The overnight session saw a continuation of positive investor sentiment from  Friday, with equities playing catch-up to the action witnessed on Wall Street last week, as the Nikkei and Shanghai Comp finished higher by 1.77% and 2.03% respectively.   The yen is slightly stronger against the USD this morning, gaining strength after Japan’s current account deficit widened to a new record in December, highlighting concerns that Abenomoics still has yet to have the intended effect on the region’s export sector.   The 23% slide in the yen since late 2012, combined with the increased energy demand from abroad due the closure of nuclear plants has pushed the value of imports to outstrip the gains in the export market, increasing worries that Japan’s economic woes aren’t as easy of a fix as just weakening its domestic currency.   USDJPY is grinding towards the 102 handle ahead of the opening bell, after trading in the mid-102s before the data was released overnight.    

In the wake of a volatile week in equity markets, the Loonie had its best week in five months against the USD, solidified by a stronger than expected employment report  on Friday.   Although the overall picture for the Canadian economy is one that exudes mediocrity, the upside surprise caused a bout of Loonie short-covering, which pushed USDCAD for a downside attack of the 1.10 area.   The downside defense of the psychological 1.10 area illustrates the tough slog Loonie bulls are in for, with strong demand from corporates as willing buyers of USD on dips in the pair.   While the speculative players in the market remains well-short the Loonie (the net short position last week according to the CFTC was trimmed to just over 60k contracts), it is also helpful to look at the options market and the recent price action witnessed.   Implied volatility and spot have moved almost in lockstep fashion since the beginning of January, marching higher in tandem until implied vol broke down and turned lower  on Friday.  

In addition, the value of calls relative to puts on the USD have been steadily decreasing since the middle of January, signaling hedgers are more willing to bid up the price of puts on the USD in order to protect against downside moves.   While it possible for momentum to continue to put pressure on USDCAD and move the pair lower, the relative price of calls to puts hasn’t been this cheap since January of last year, and may offer hedgers with ongoing short exposures attractive opportunities to implement option-based hedging strategies.   The Loonie is weaker against the American buck this morning, with USDCAD trading up into the mid-1.10s after housing starts for the month of January came in with an annualized reading of 180k.   The housing starts print was slightly below the median expectation from analysts, and combined with a small downward revision to December’s numbers, the CAD is modestly weaker against the USD.

Heading into the North American open, US equity futures are groggy after the weekend, dragged lower by a strengthening yen and some give back from the major advancement  on Friday.
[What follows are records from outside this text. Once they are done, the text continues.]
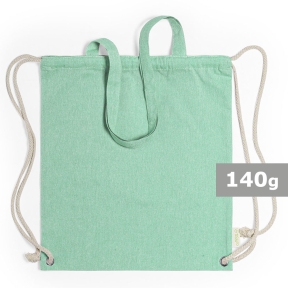 Recycled cotton bag 2 in 1, drawstring bag and shopping bag
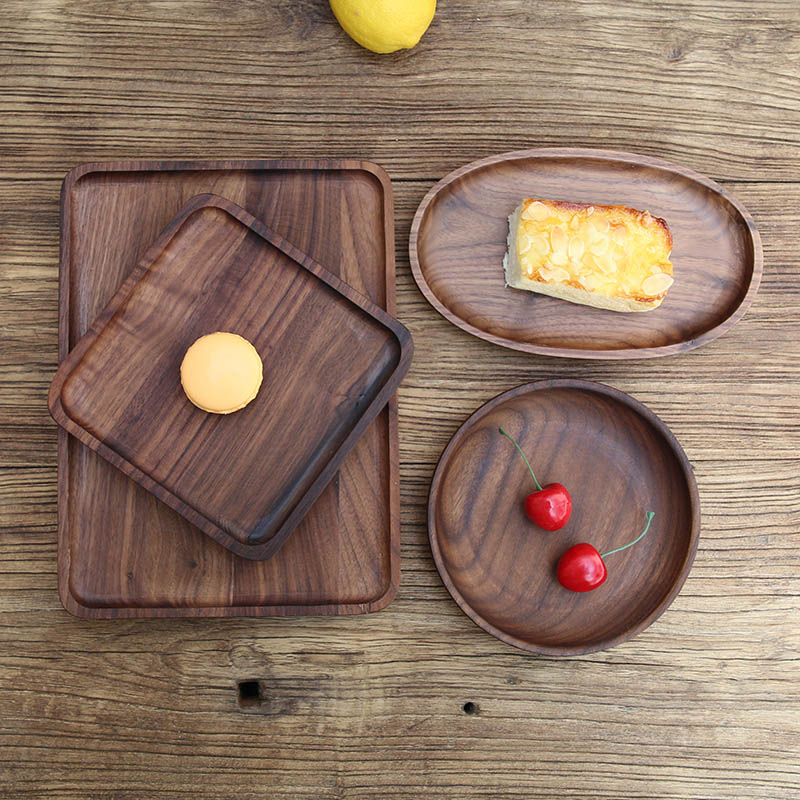 黑胡桃木碟子整木无漆日式木质托盘创意水果点心蛋糕碟原木小碟子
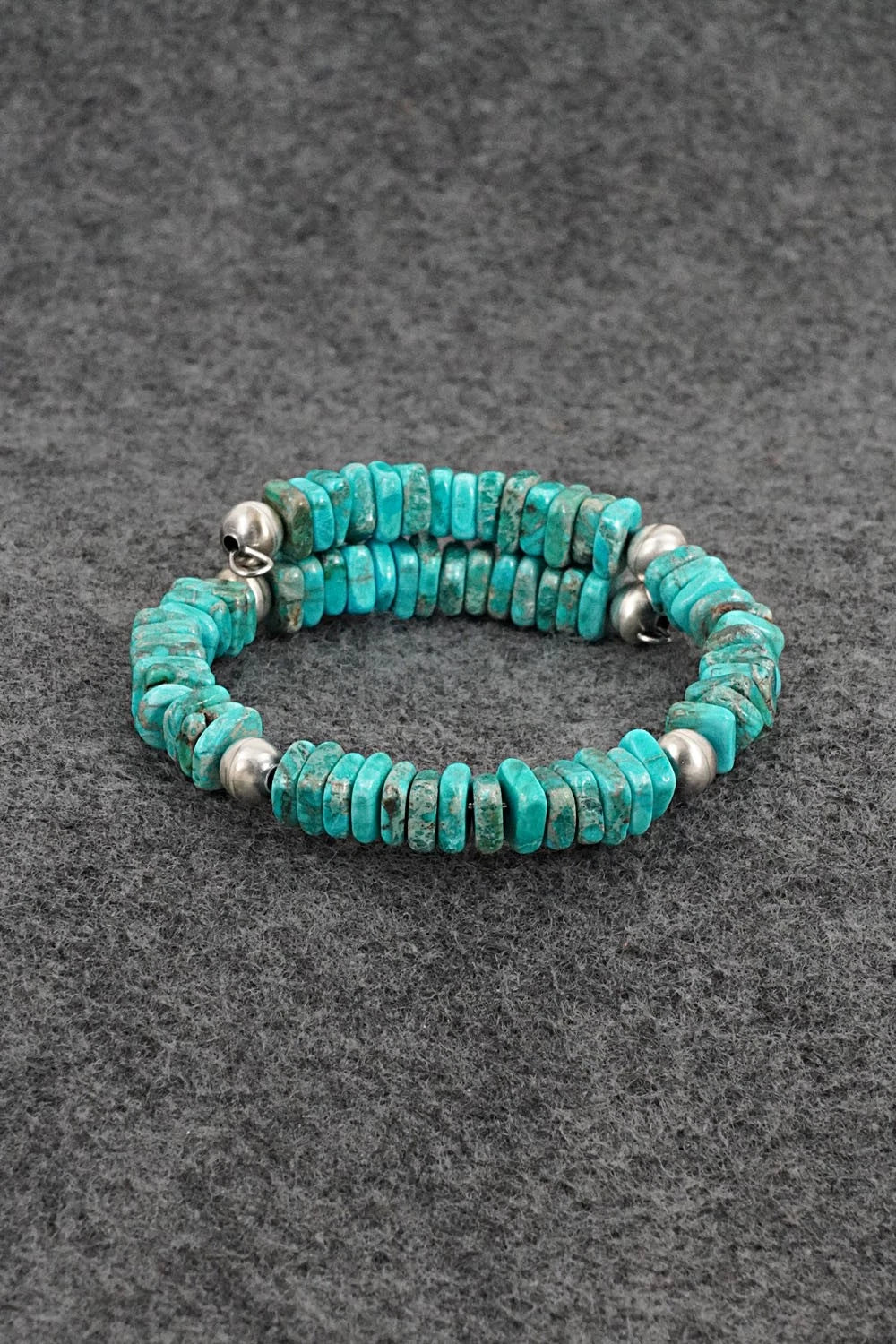 Turquoise & Sterling Silver Bracelet - Doreen Jake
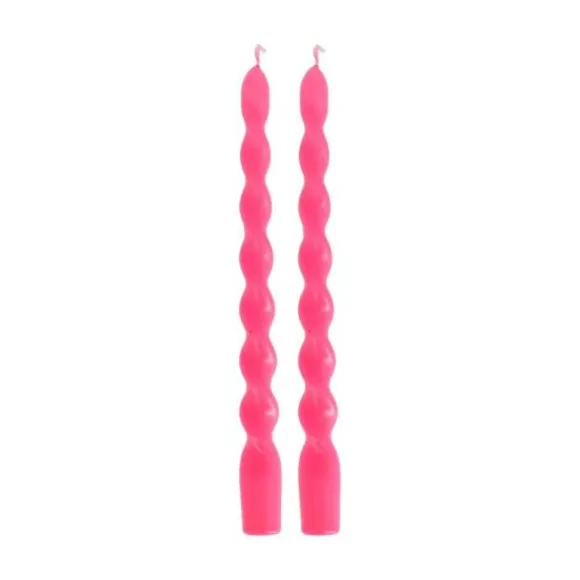 2 bougies flambeau torsadées - 2,2 x 25 cm - Couleur au choix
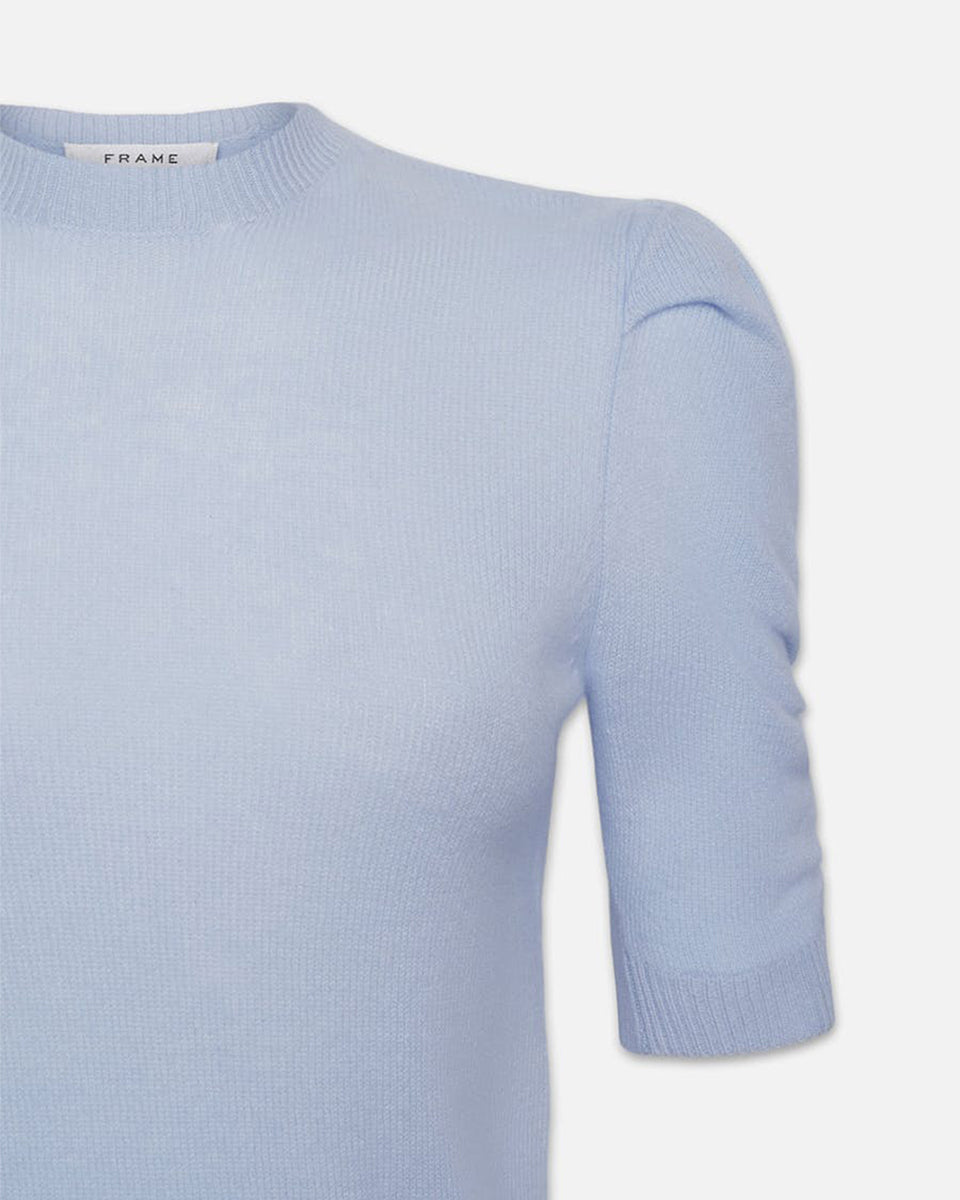 Ruched Sleeve Sweater-Sweaters-Frame-Light Blue-XS-Mercantile Portland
Speaking of some profit taking on massive spikes, after the impressive run for energy  on Friday, front month WTI is lower by 0.32% this morning, with profit-taking sending the black-gold into the mid-$99/barrel region.   On the other side of the spectrum, gold is happy to generate safe-haven related flows, up by 1.06% this morning as risk-correlated asset struggle to generate momentum.

Looking ahead to  tomorrow, China is back in full-swing after their new year’s celebrations, and expected to release economic data on trade, money supply, and new loans.   While we have spoken at length about the de-leveraging phase China’s economy is trying to navigate, the most susceptible currencies to soft numbers out of China will be the commodity-currency bloc.   Given that the AUD, NZD, and CAD all exhibited stellar performances last week, tonight’s numbers could take some wind out of their sails if the economic data crops up concerns about the viability of the government trying to rein in the credit-fueled growth that has led to a precariously over-leveraged shadow banking sector.   To some extent a slowdown in demand from China can be supplement by a pick-up in the American economy, but in the interim period, weaker numbers out of China will weigh on currencies correlated with commodity prices and global growth.